L’illusione del tramezzino

Il periodo delle feste si è appena concluso e con questo anche le interminabili prove di resistenza a cibi, vino e conversazioni. Queste circostanze informali si prestano a fare emergere più facilmente ciò che realmente pensiamo rivelando i nostri atteggiamenti più autentici. Probabilmente dato il mio interesse per l’argomento ho osservato con maggiore attenzione la modalità con cui si esprime il pensiero nonostante l’offuscamento dei sensi tipico delle lunghe giornate a tavola.
“Beata quella persona che andando in televisione ha svoltato”, “Brad Pitt può avere tutte le donne che vuole…”, “vivere in Messico è un sogno…”, “quella lì è una poco di buono…”, “se vincessi alla lotteria sarei felice…”, “beato te che sei libero professionista…” sono naturalmente solo un esiguo esempio di quanto il nostro modo di pensare si avvalga di idealizzazioni e svalutazioni fino a raggiungere livelli che possono diventare fastidiosi.

Quando idealizziamo filtriamo solo gli aspetti positivi, vediamo solo il lato meraviglioso delle cose, esattamente come i tramezzini dalla farcitura ingannevole nelle vetrine di alcuni bar.

Consideriamo un aspetto parziale della realtà, il che ne rende molto più agevole l’interpretazione, allontanandola tuttavia dalla realtà stessa. E’ il processo che porta alla creazione di miti e di idoli. È lo stesso meccanismo infantile che mettiamo in atto verso i nostri genitori nella fase in cui abbiamo bisogno di convincerci che siano i migliori del mondo. Tutto ciò ha una grande utilità esistenziale perché consente di crearci dei punti di riferimento affidabili e rassicuranti visto che la nostra vita dipende da loro. D’altro canto, sempre da un punto di vista evoluzionistico, svalutare, ci serve per metterli in discussione e iniziare a crearci una visione del mondo critica ed un’autostima indipendente. Un pensiero realmente “adulto” è in grado di riconoscere sia gli aspetti positivi che quelli negativi delle cose e delle persone così da avere una rappresentazione del mondo reale e non di fantasia.

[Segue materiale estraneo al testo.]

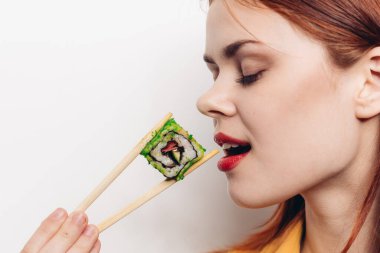 Neşeli kızıl saçlı kadın yemek çubukları suşi Japon mutfağı.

Quando idealizziamo stiamo creando una distanza incolmabile tra noi ed il nostro mito, stiamo dicendo che c’è qualcosa che noi non saremo mai o che non avremo mai e che rappresenta proprio ciò che davvero ci renderebbe felici. Questo pensiero rischia di essere immobilista e deresponsabilizzante: “tanto non posso farci nulla, io non sarò mai cosi, non otterrò mai quella cosa, non ho le sue capacità…”; d’altronde con che spirito potrei rincorrere qualcosa di così lontano?

Dove posso trovare la motivazione per un’impresa che considero impossibile?

Per chi fa il nostro lavoro è facile rendersi conto di quanto sia diffusa e nociva questa attitudine e di quanto contribuisca a generare un pensiero ansioso e depressivo. Meglio rimanere fermi e pensare la vita anzicchè viverla. Come canta Brunori Sas nel bellissimo brano “La vita pensata”.

In conclusione, trovo naturale che una conversazione ordinaria possa essere punteggiata da idealizzazioni e svalutazioni, tuttavia risulta pericoloso nel momento in cui questa diventi la nostra unica e rigida modalità di pensiero applicata anche a contenuti per noi importanti. Per questo motivo ritengo che i giovani italiani non siano dei bamboccioni ma che esista un pensiero “bamboccesco”, immaturo e pericoloso che appartiene a quella cultura immobilista e deresponsabilizzante che, secondo me, accompagna con inevitabile congruenza la crisi del nostro paese.